Football FanCast recently spoke to former England and Liverpool winger John Barnes.
In a wide-ranging interview – split over three parts – we were able to get a fascinating insight into his life and career at the very top of the game.
In this first instalment of our conversation with the Premier League icon, Liverpool’s current title challenge is put under the microscope.
Barnes was part of the last Liverpool side to win a league title, in the 1989-90 season. Barnes was in fine form throughout that campaign, and was instrumental to the Reds’ success as he racked up 22 goals in 34 league outings.
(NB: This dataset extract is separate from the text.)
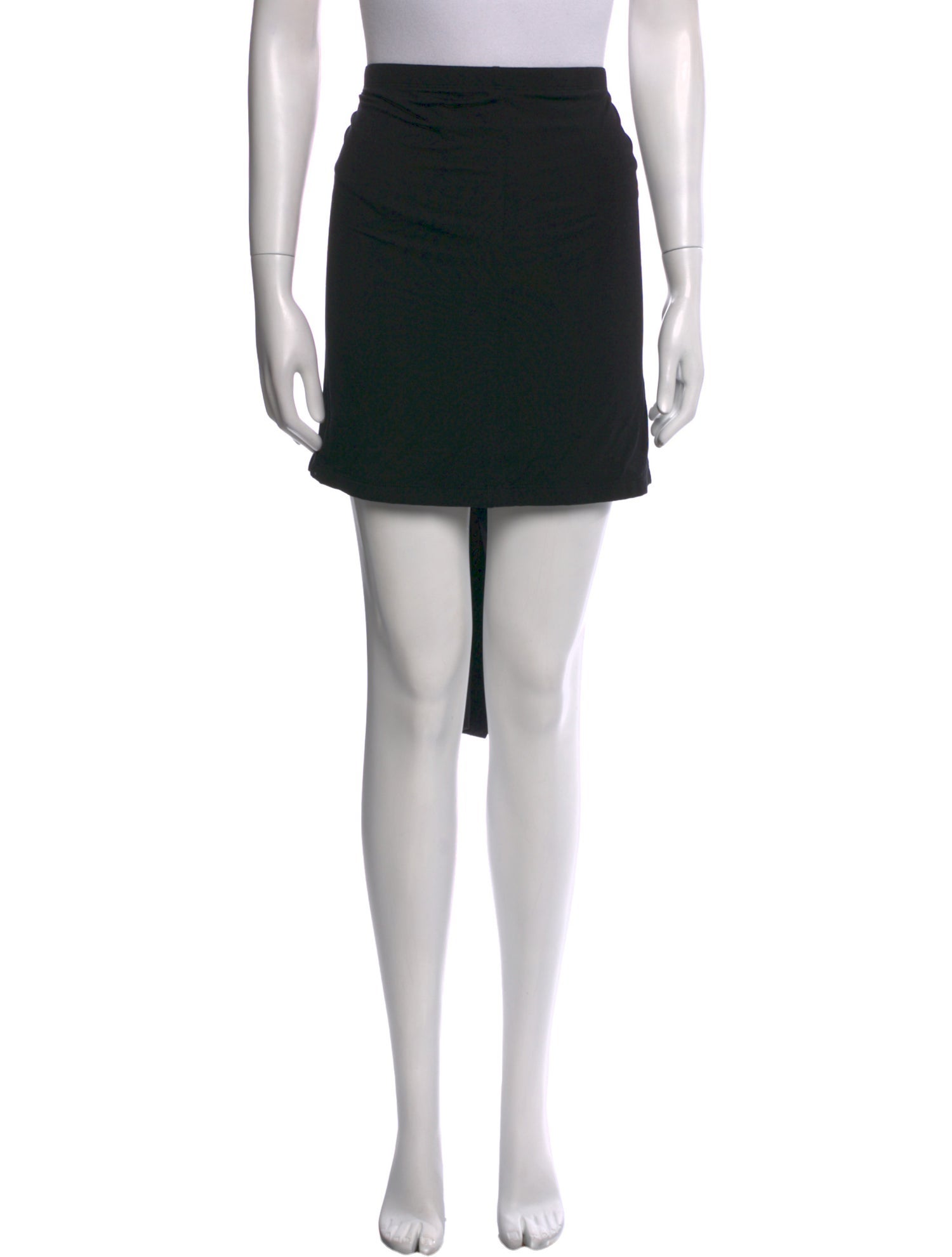 Helmut Lang Mini Skirt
At the end of the season he was named the FWA Player of the Year for the second time in his career.
Barnes, who was speaking on behalf of bookmaker comparison platform BonusCodeBets.co.uk, gave us his views on what it takes to win the league title, and whether Liverpool can keep up their challenge for the remainder of this campaign…
When you look at their squad and then Manchester City’s, do you think that Liverpool have what it takes to hold the reigning champions off?
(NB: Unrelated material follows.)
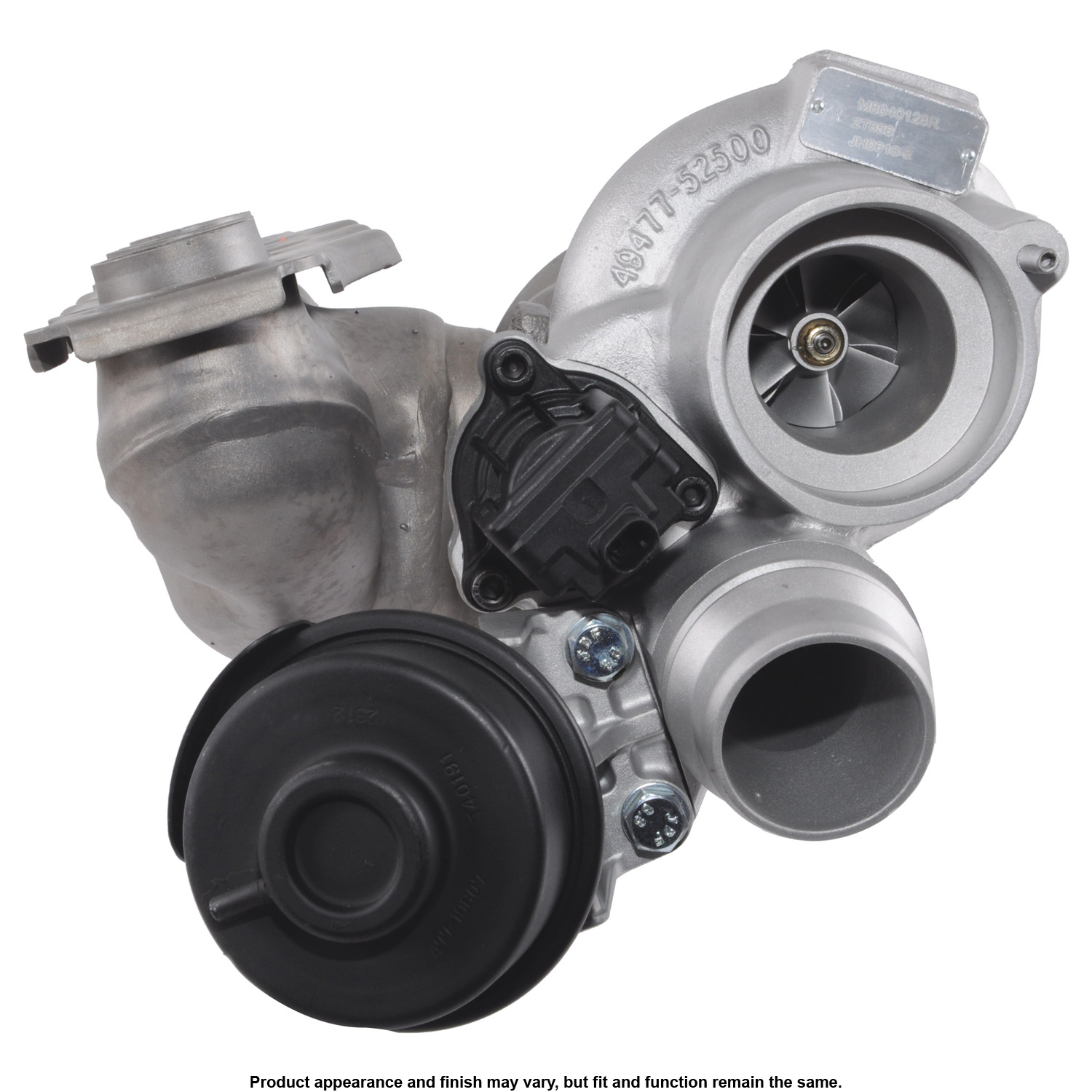 Turbocharger | 12225-3557R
“Well, Manchester City have a much stronger squad and I think we’ve seen that in the last few games – in the FA Cup – when they’ve made wholesale changes and still won 7-0 and 9-0. When we made changes against Wolves we were unable to go through in the FA Cup. So, they’ve got a stronger squad, but in terms of the squad we have we definitely have a squad strong enough to win matches and go all the way to the end and be very competitive.
“So, Manchester City, yes, have a stronger squad, but we definitely have a squad that can go on to win the title. That’s not to say that we will, but we have a squad that can take us through the season, definitely.”
What’s been lost since Liverpool’s era of utter dominance that has seen them go without a Premier League title for so long?
“I don’t know what’s been missing for so long. We’ve spoken about it for 25 years, there’s no point asking ‘what’s been missing?’
“We have what there is now, and what there is now is a consistency of performance and a team good enough to challenge to win the title, and I suppose we haven’t had that in the past.
“I don’t want to look back and say why we haven’t won the title, because it’s not important. What’s important is that we’ve got a team now that’s capable of challenging at the very, very highest level.”
In the late 80s you were part of a very successful Liverpool side. What made that group so special?
“Well, Liverpool were the best team then. Liverpool were the best team from the 70s as well, not necessarily just the late 80s. If you look throughout the late 70s and mid-80s, Liverpool had the best players and they were the best team – as Manchester United were in the 2000s.
“They had better players than anybody else and they were a better team than everybody else. It’s as simple as that. If you’ve got a good manager and a good team then you can win matches. Of course, Manchester United then took over, then Arsenal I suppose with Arsene Wenger for a period of time did, because they had better players and a good manager.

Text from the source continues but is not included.